• **PROBLEM DETAILS**
The records underneath are to be printed in full and exactly, with no pictures carried over.

Caption-style text data
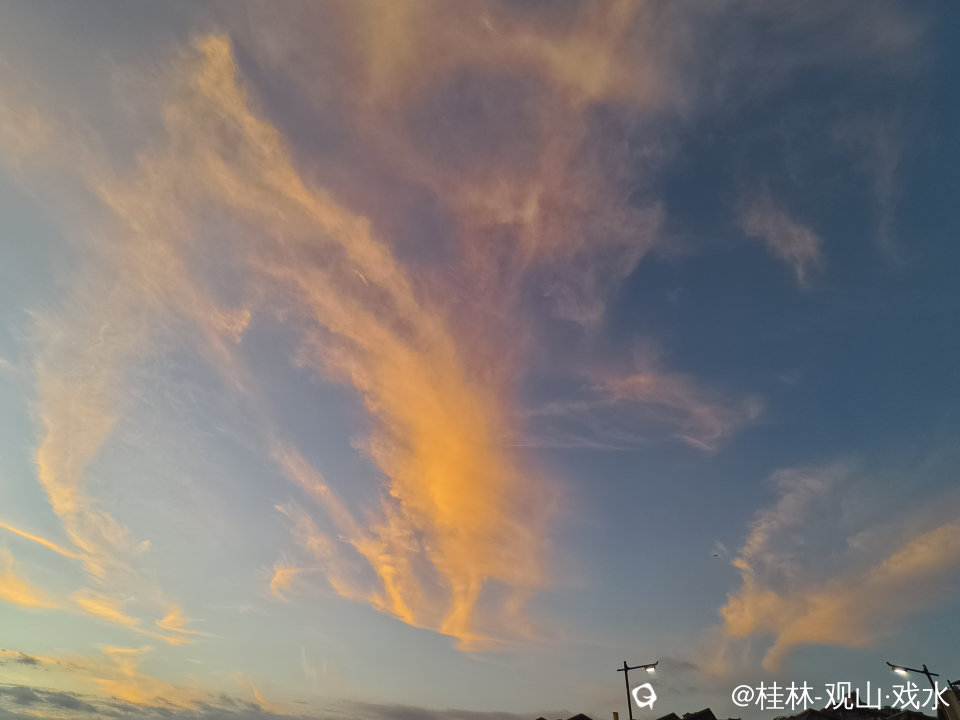 f8cb95e8-384c-63b6-2f39-407da37bdc02.jpg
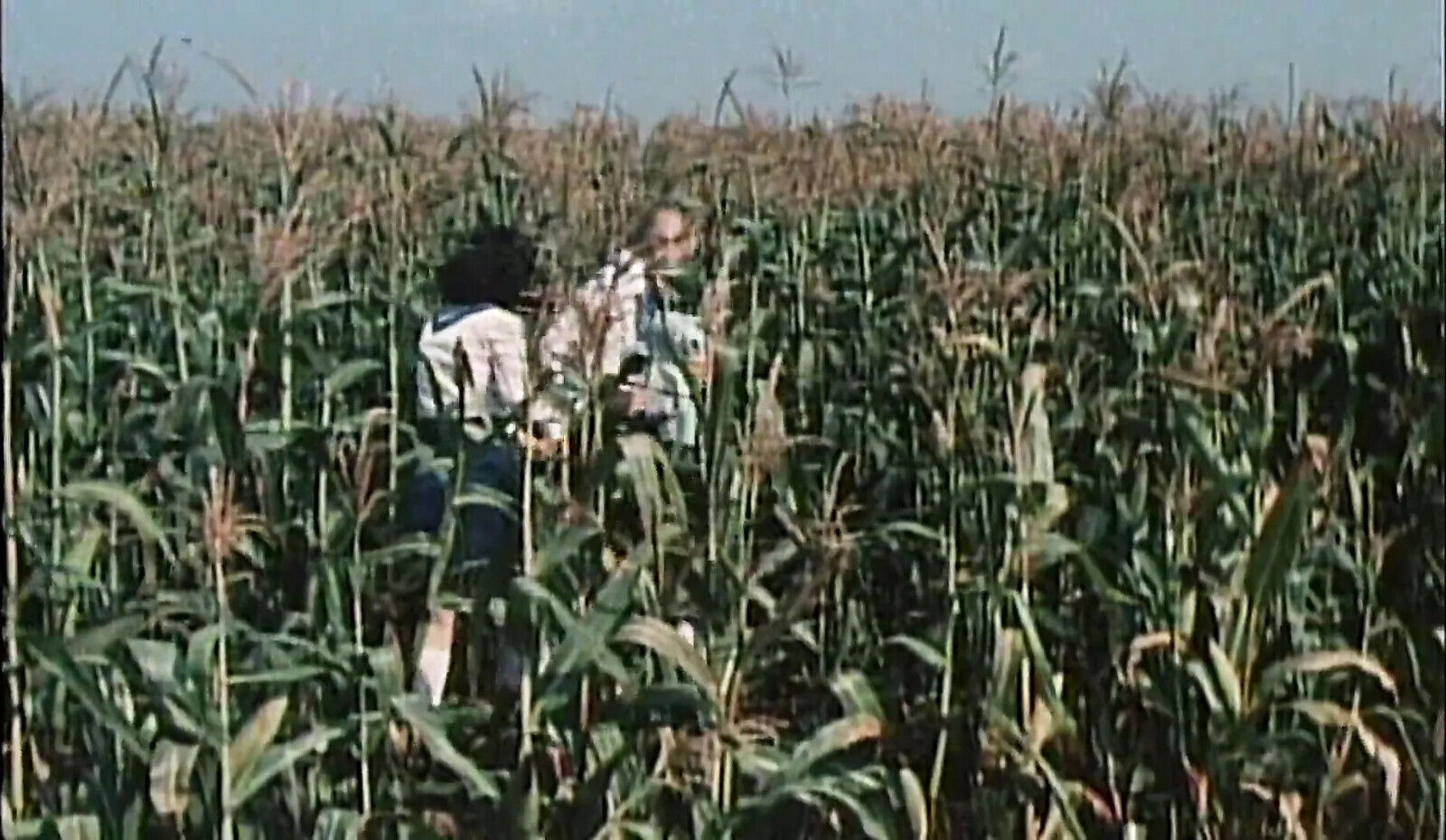 Hottest Porn Classics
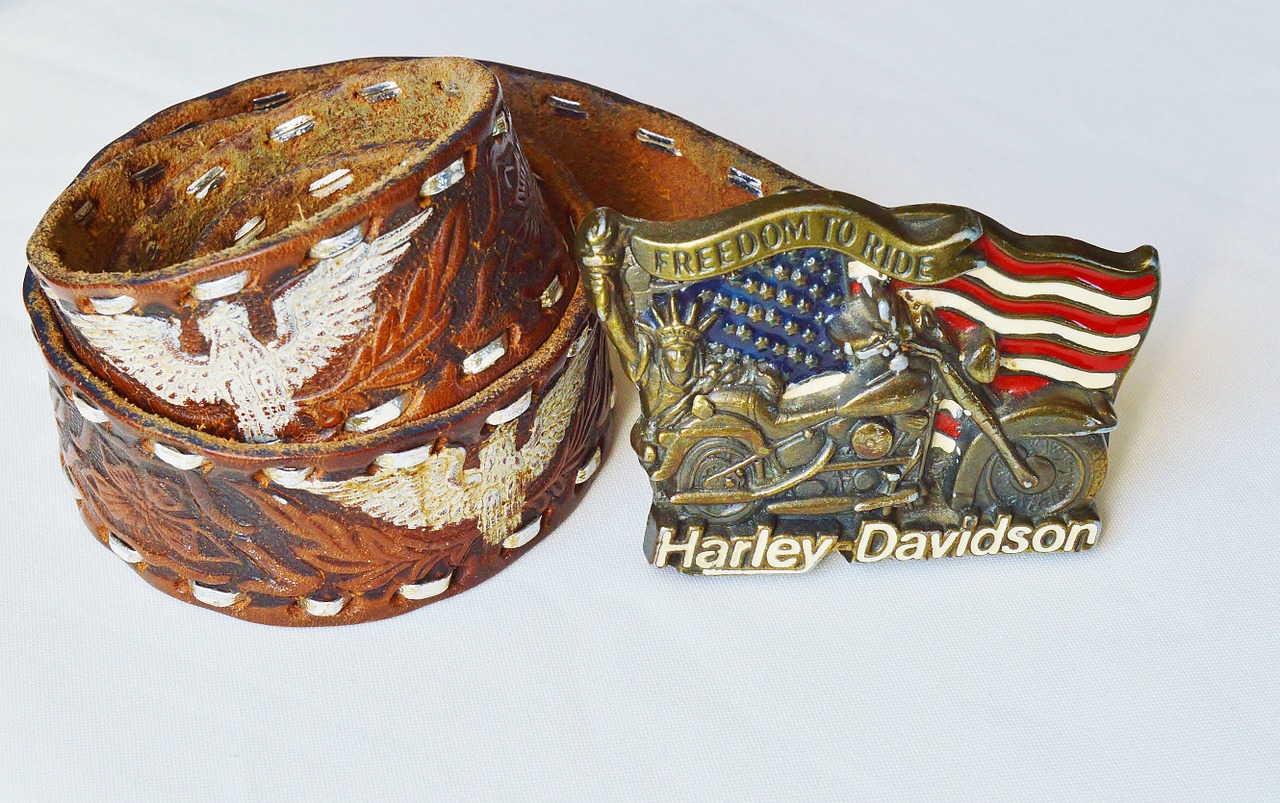 belts harley davidson leather free photo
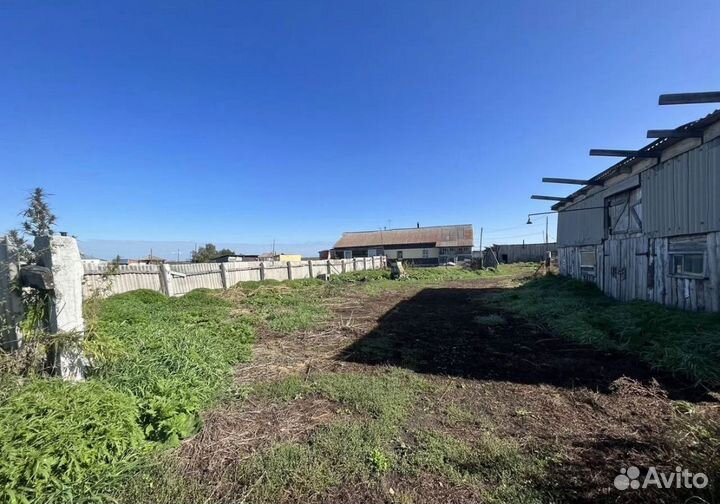 Продам ферму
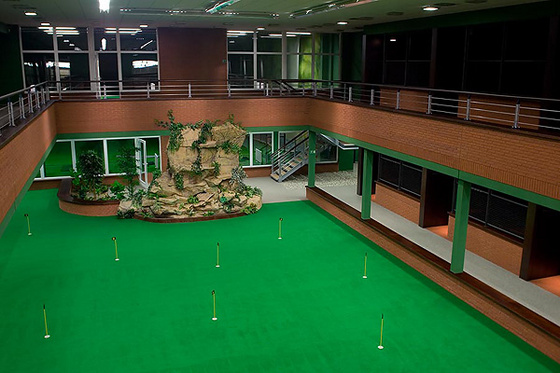 indoor-golf-court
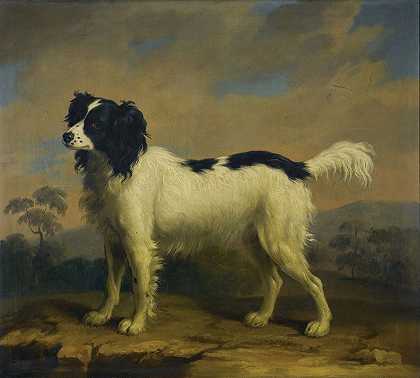 风景中的黑白猎犬`A black and white spaniel in a landscape by William Greene Junior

• **RESPONSE**
 f8cb95e8-384c-63b6-2f39-407da37bdc02.jpg
 Hottest Porn Classics
 belts harley davidson leather free photo
 Продам ферму
 indoor-golf-court
 风景中的黑白猎犬`A black and white spaniel in a landscape by William Greene Junior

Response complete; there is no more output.